_PROMPT_
Omit the pictures and copy the entries exactly.
•••••
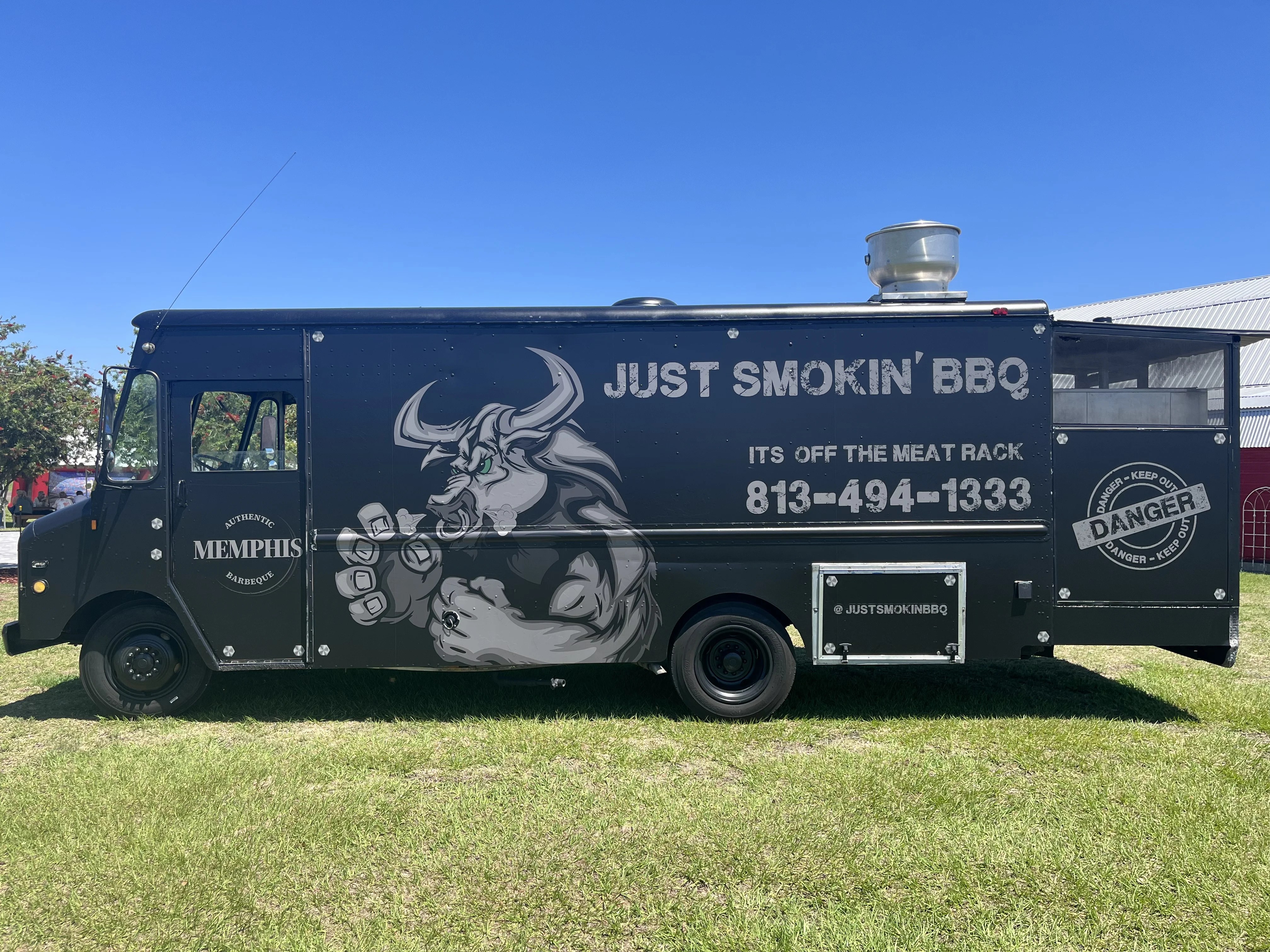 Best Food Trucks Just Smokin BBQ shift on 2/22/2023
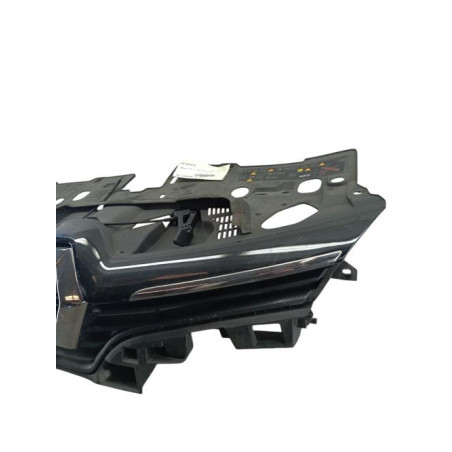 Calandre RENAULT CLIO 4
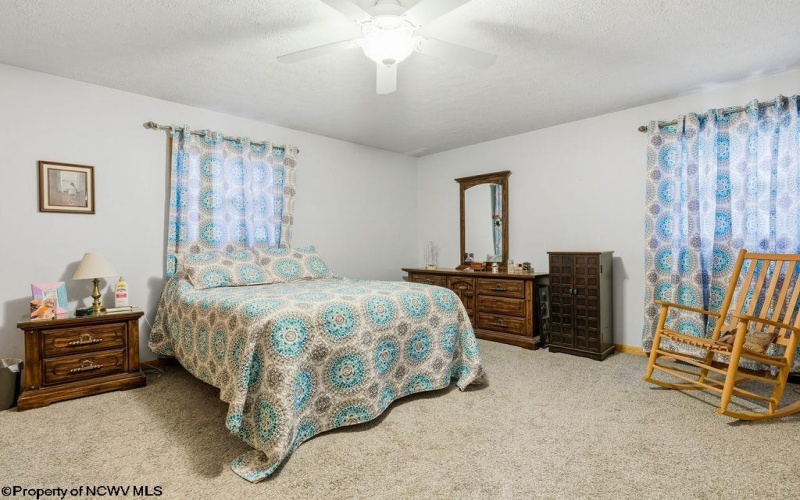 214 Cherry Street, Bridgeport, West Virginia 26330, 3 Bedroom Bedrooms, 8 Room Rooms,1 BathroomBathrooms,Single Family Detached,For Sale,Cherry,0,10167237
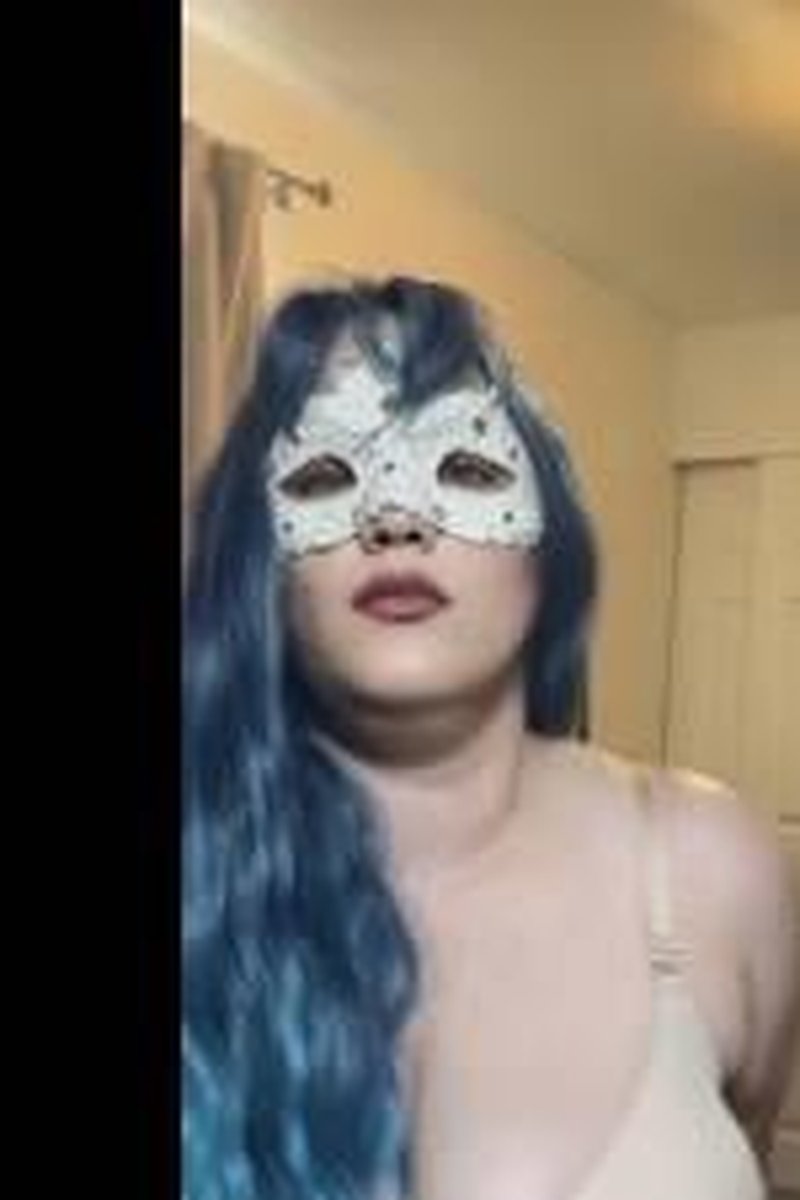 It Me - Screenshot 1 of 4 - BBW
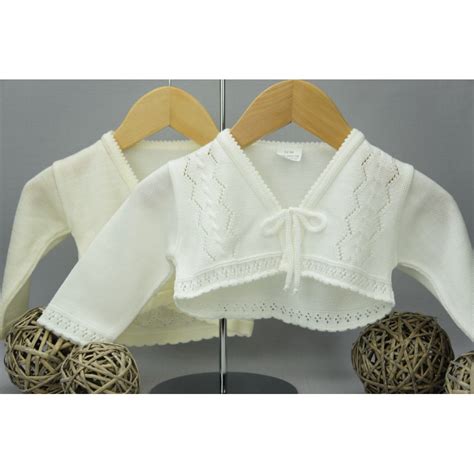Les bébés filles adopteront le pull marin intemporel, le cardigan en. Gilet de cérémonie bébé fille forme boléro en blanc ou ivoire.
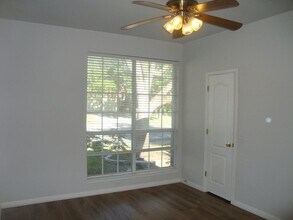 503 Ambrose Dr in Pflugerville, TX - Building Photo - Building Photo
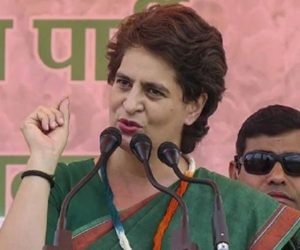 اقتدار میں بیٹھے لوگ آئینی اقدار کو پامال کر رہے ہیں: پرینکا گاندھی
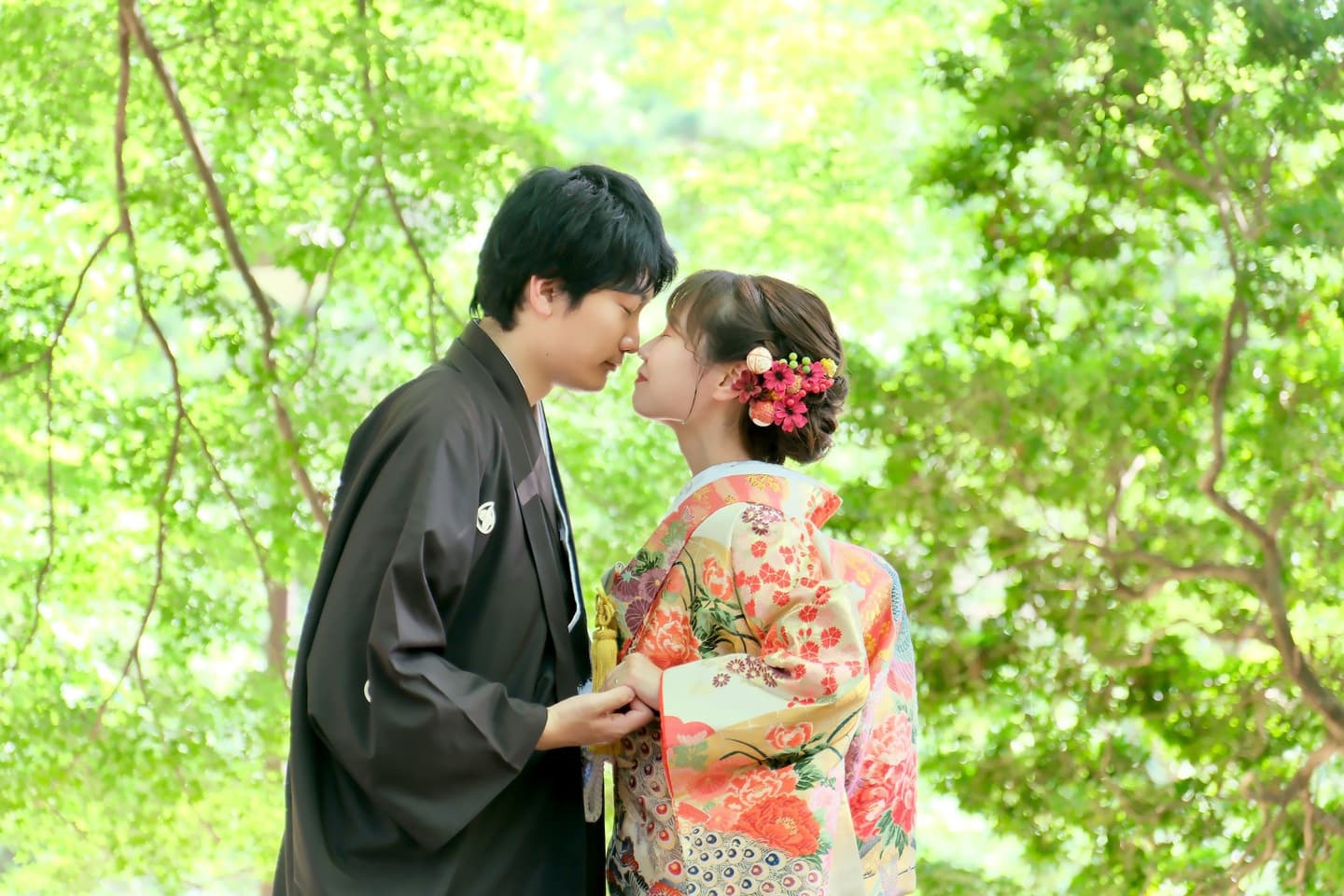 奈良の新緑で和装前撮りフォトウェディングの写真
•••••
_SOLUTION_
 Best Food Trucks Just Smokin BBQ shift on 2/22/2023
 Calandre RENAULT CLIO 4
 214 Cherry Street, Bridgeport, West Virginia 26330, 3 Bedroom Bedrooms, 8 Room Rooms,1 BathroomBathrooms,Single Family Detached,For Sale,Cherry,0,10167237
 It Me - Screenshot 1 of 4 - BBW
Les bébés filles adopteront le pull marin intemporel, le cardigan en. Gilet de cérémonie bébé fille forme boléro en blanc ou ivoire.
 503 Ambrose Dr in Pflugerville, TX - Building Photo - Building Photo
 اقتدار میں بیٹھے لوگ آئینی اقدار کو پامال کر رہے ہیں: پرینکا گاندھی
 奈良の新緑で和装前撮りフォトウェディングの写真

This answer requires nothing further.